(Reuters) - Fortis Inc (FTS.TO) has reached a friendly deal to buy Arizona-focused utility UNS Energy Corp UNS.N for about $2.5 billion in cash, the Canadian power company said on Wednesday, as it looks to expand its presence in the United States.
The $60.25 per share that Fortis is offering for UNS is a premium of 31.4 percent on UNS's Wednesday close of $45.84 on the New York Stock Exchange. The stock was up 30 percent at $59.40 in after market trading.
The deal, which still needs regulatory and shareholder approval, will also see Fortis take on about $1.8 billion of UNS debt.
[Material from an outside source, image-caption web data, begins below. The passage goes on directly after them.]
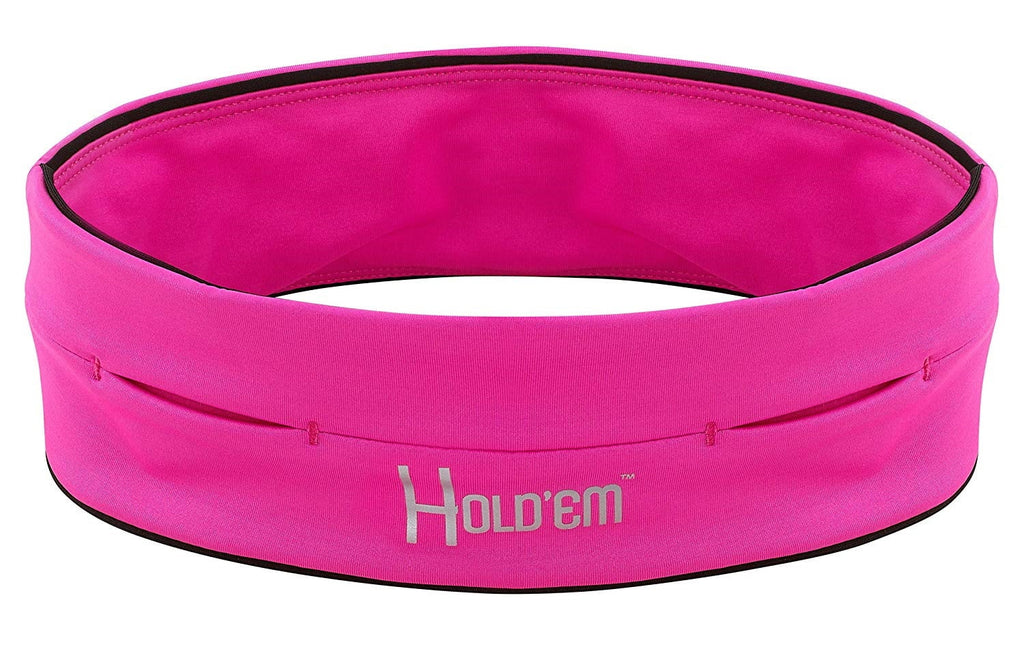 World Best Premium Hold'em Running Belt with Unique Pockets for Unisex Adult - Red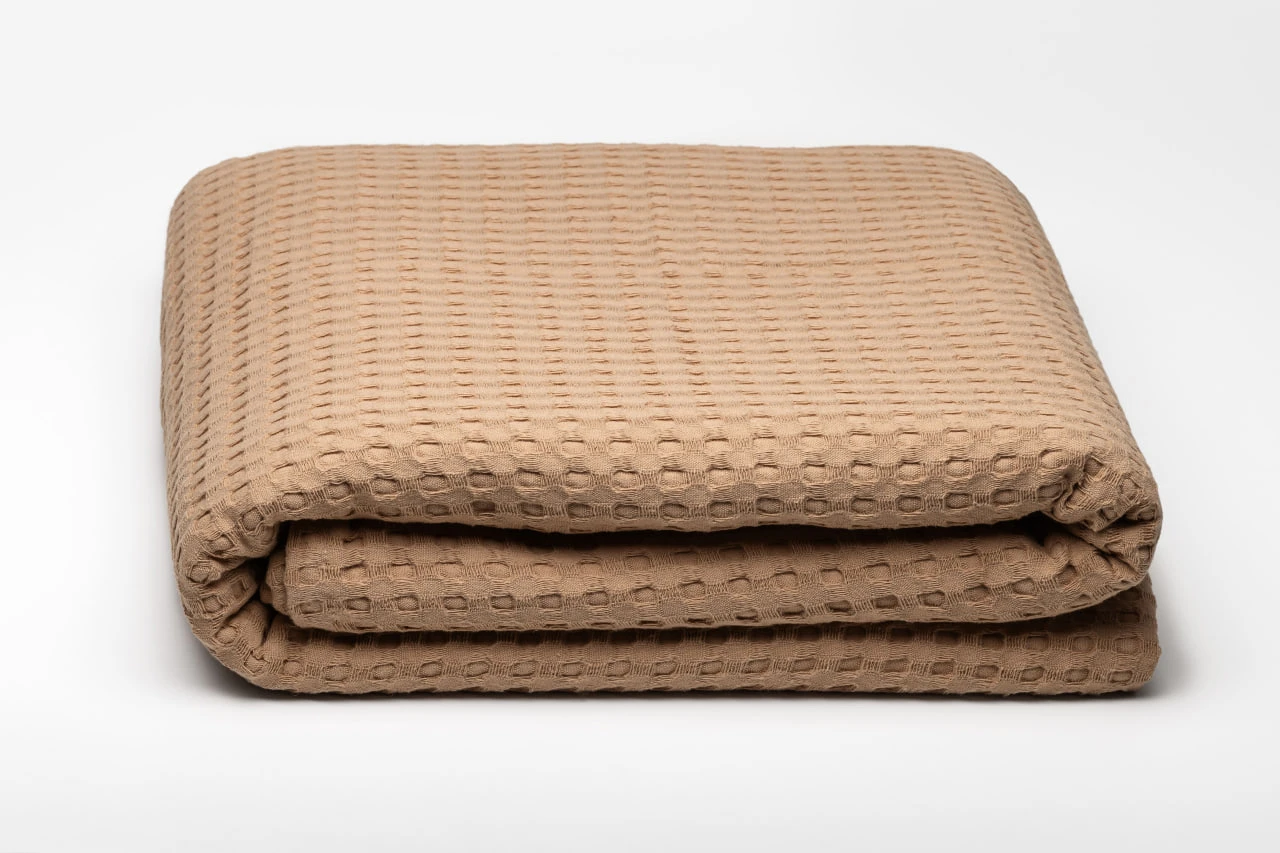Плед вафельный HYGG семейный 230х250 см Бежевый (311176) - фото 2 Плед вафельный HYGG семейный 230х250 см Бежевый (311176) - фото 2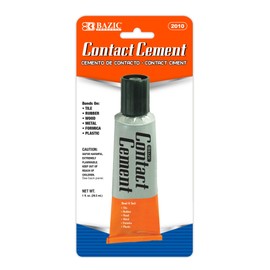 BAZIC Products Contact Cement Adhesive Glue 1 Oz. (30mL), Super Stong Bonds to Tile Rubber Wood Metal Formica Plastic, 1-Pack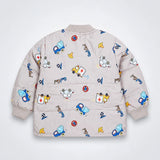 LSB Grey Dumper Quilted Bomber Winter Jacket for Kids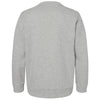 Adidas Men's Grey Heather Fleece Crewneck Sweatshirt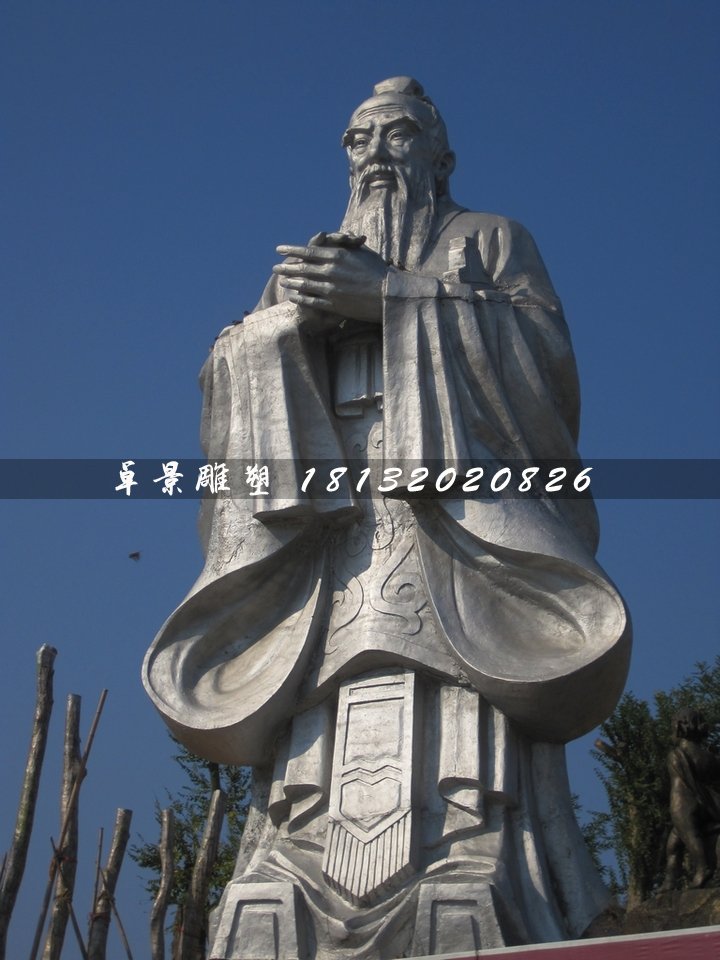 不銹鋼孔子雕塑，廣場名人雕塑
It is expected to close by the end of 2014.
UNS operates electric and gas systems that serve residential and commercial customers in southwestern United States, a region that is experiencing above-average economic growth, Fortis said.
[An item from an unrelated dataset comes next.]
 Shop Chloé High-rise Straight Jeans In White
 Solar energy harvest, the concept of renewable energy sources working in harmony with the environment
"UNS is a well-run utility with an experienced management team," Fortis Chief Executive Stanley Marshall said on a conference call with investors. "The acquisition is expected to be accretive to EPS the first year of closing, including one-time acquisition-related expenses."
Marshall noted that the deal also adds to Fortis's geographical diversity, with no more than a third of total assets being in any single jurisdiction.
Newfoundland-based Fortis is one of Canada's largest gas and electric distribution utilities, serving more than 2.4 million customers across the country, as well as in New York State and the Caribbean.
With the acquisition of UNS, Fortis's total assets will increase by 33.5 percent to $23.5 billion, the company said.